## About this exercise
Transcribe the listing exactly as written. Leave the images out.

## Dataset section
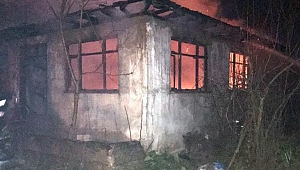 Tek Katlı Evde Çıkan Yangın Korkuttu 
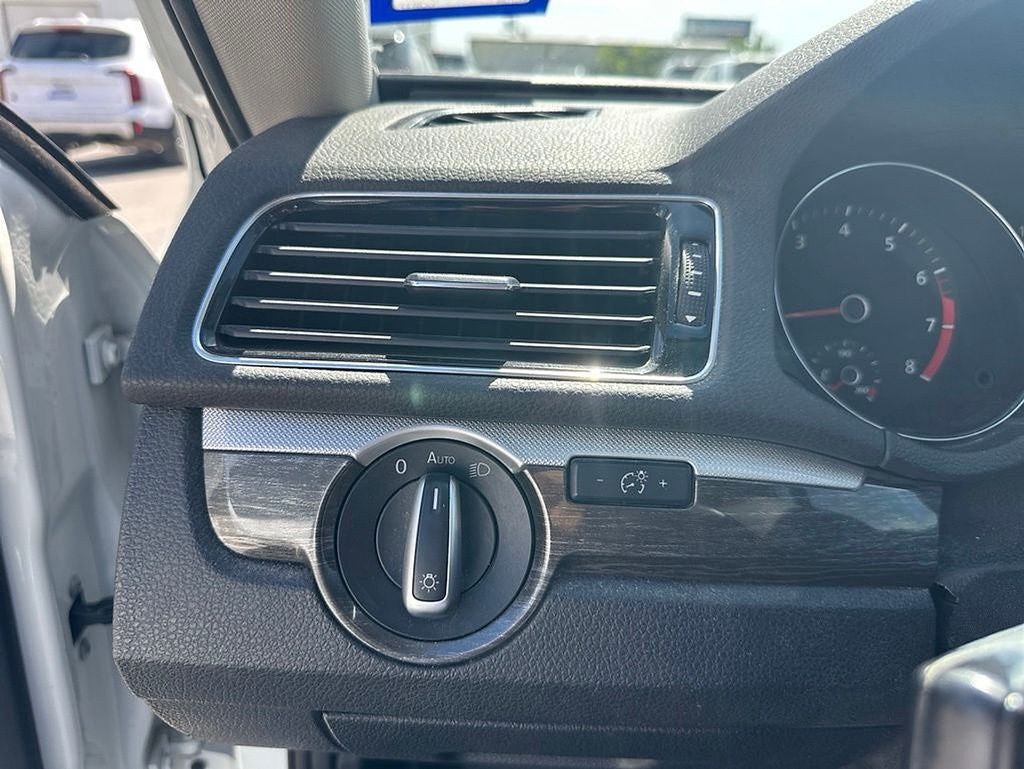2016 Volkswagen Passat 1.8T SE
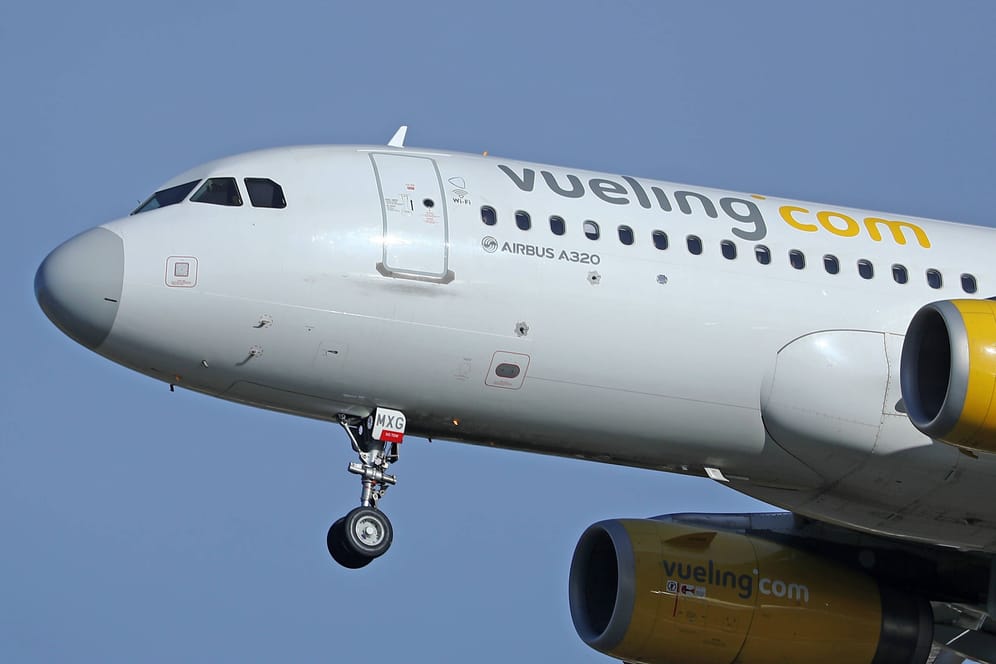 Flugzeug der spanisch Airline Vueling (Archivbild): Die Fluggesellschaft muss 30.000 Euro Strafe zahlen.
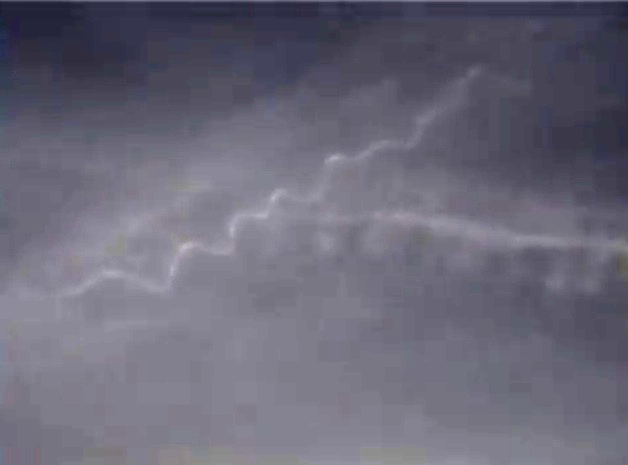 Sinusoidal_contrail_over_Heathrow_Airport__YouTube_20140227_100520_20140227_100522__100_RGB8__20140227_100541_20140227_100543.jpg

## Solved problem
 Tek Katlı Evde Çıkan Yangın Korkuttu 
2016 Volkswagen Passat 1.8T SE
 Flugzeug der spanisch Airline Vueling (Archivbild): Die Fluggesellschaft muss 30.000 Euro Strafe zahlen.
 Sinusoidal_contrail_over_Heathrow_Airport__YouTube_20140227_100520_20140227_100522__100_RGB8__20140227_100541_20140227_100543.jpg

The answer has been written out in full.